9. Jarkko Ruutu (YAR’-koh ROO’-too), Ottawa Senators — His first name sounds like the perfect dog’s name, which is fitting because Ruutu has been known to bite, just ask Buffalo’s Andrew Peters. Not only is it a good canine moniker, but it is fun to play “Jarkko Ruutu” in the swimming pool. It’s like Marco Polo, but instead of tagging people, you just hit them.

8. Jonathan Cheechoo, Ottawa Senators — If you have the urge to say “God bless you” after hearing Cheechoo’s name, you’re not alone. In fact, during the Penguins’ series against the Senators this year, some fans were shouting it every time he touched the puck. The only thing more unfortunate than his name is “The Jonathan Cheechoo Song.”

7. Jeff Finger Toronto, Maple Leafs — This is also an unfortunate name — or hilarious, depending on how far in the gutter your mind is). He would be higher on this list, but he no longer plays with Adam Foote.

6. Dustin Byfuglien, Chicago Blackhawks — Go ahead, I dare you to try to pronounce his name. No, it’s not BYE’-foo-glee-in. Not even close. If it were pronounced that way, he would be much lower on this list. It’s actually pronounced BUHF’-lin. While his name is spelled ridiculously, it’s actually really fun to hear non-hockey fans try to pronounce it. Combine that with the fact that he’s 6 feet 4, and it leads to great nicknames like Big Buff.

5. Dion Phaneuf (FUH’-noof), Toronto Maple Leafs — is just a fun name to say. Go on, say it out loud. Now say it again, but put the do-doo-do-do-do after it, like the Muppet’s “Mahna Mahna” song.

4. Johnny Oduya (oh-DOO’-yuh), Atlanta Thrashers — As if the fact that a grown man still refers to himself as “Johnny” isn’t funny enough, his last name should justify his high position on this list. Keep in mind that these are all player names, so imagine an announcer saying, “Oduya coming up the ice.”

3. Jordin Tootoo, Nashville Predators — He might have the most unfortunate yet hysterical name in sports, but Predators fans have embraced it. The team even sells “Tootoo whistles” that everybody toots when he makes a good play.

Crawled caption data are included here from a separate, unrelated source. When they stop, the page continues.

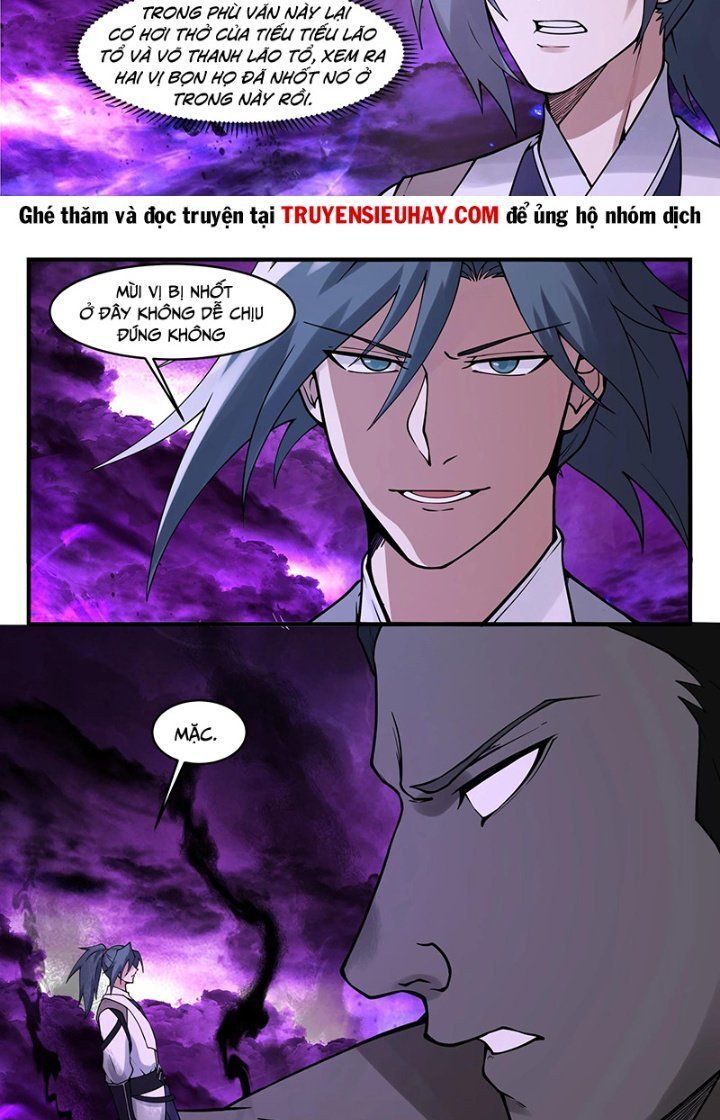 Võ Luyện Đỉnh Phong Chap 3345 - Next Chap 3346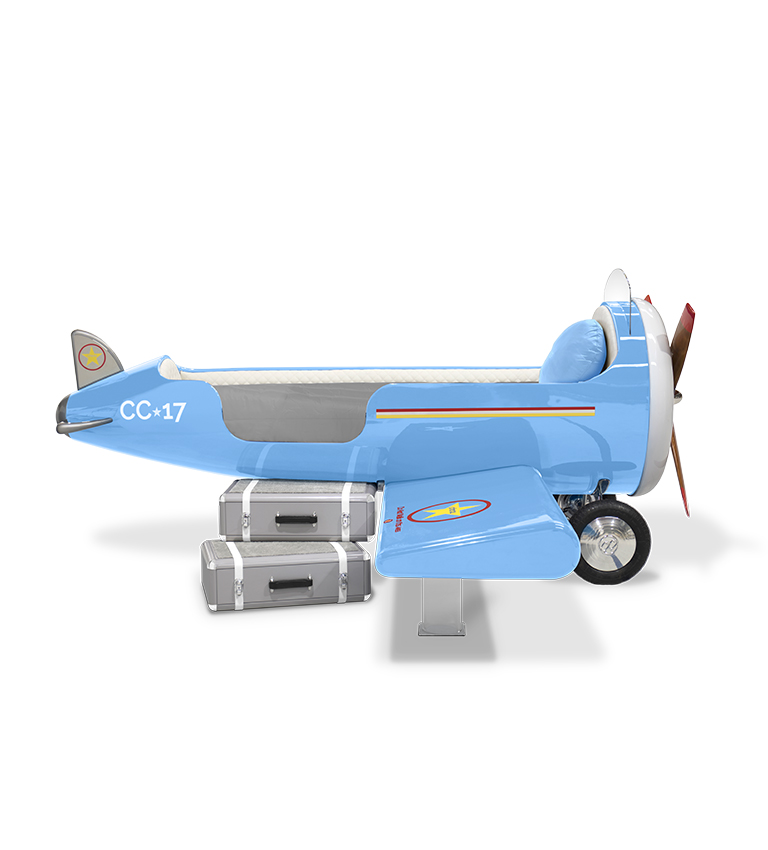 Sky One Plane circu magical furniture kids beds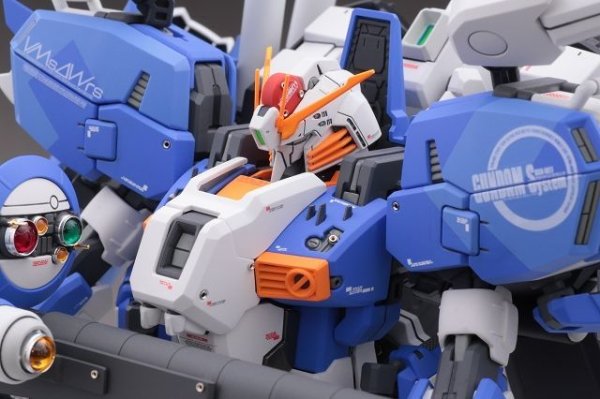 画像1: Ex-Sガンダム専用14色セット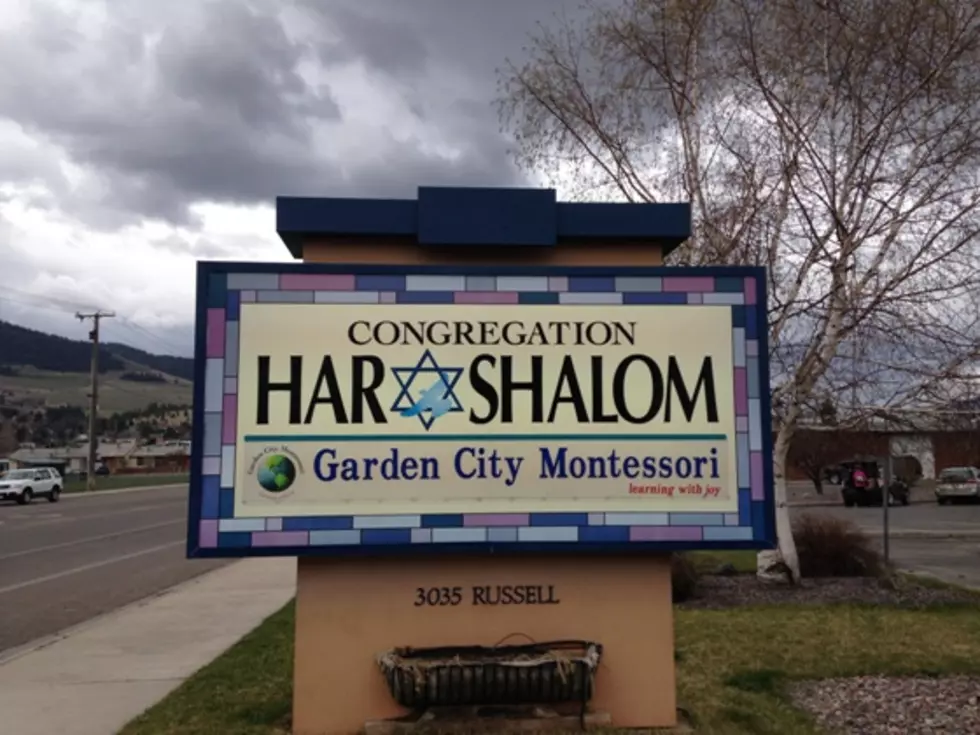 Har Shalom Jewish Community Finds Warm Welcome in Missoula [AUDIO]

2. Grant Clitsome, Columbus Blue Jackets — Yes, his last name is pronounced the way you think it is.

1. Cal Clutterbuck, Minnesota Wild — Nobody with even a weak sense of humor can read that name without at least cracking a smile. That’s the reason he is at the top of this list. If you let out a giggle reading his name, imagine watching a hockey game and hearing “Clutterbuck shoots … ”

For those of you not keeping score at home, the Blackhawks, Maple Leafs and Senators all have two players on this list. But there were several Blackhawks I had to leave off this list, including Ben Eager, Antti Niemi and Jonathan Toews (TAYVS’).

So if the Stanley Cup was awarded based off awesome names, then Chicago would be Stanley Cup Champions for the first time since 1961 … Oh, wait.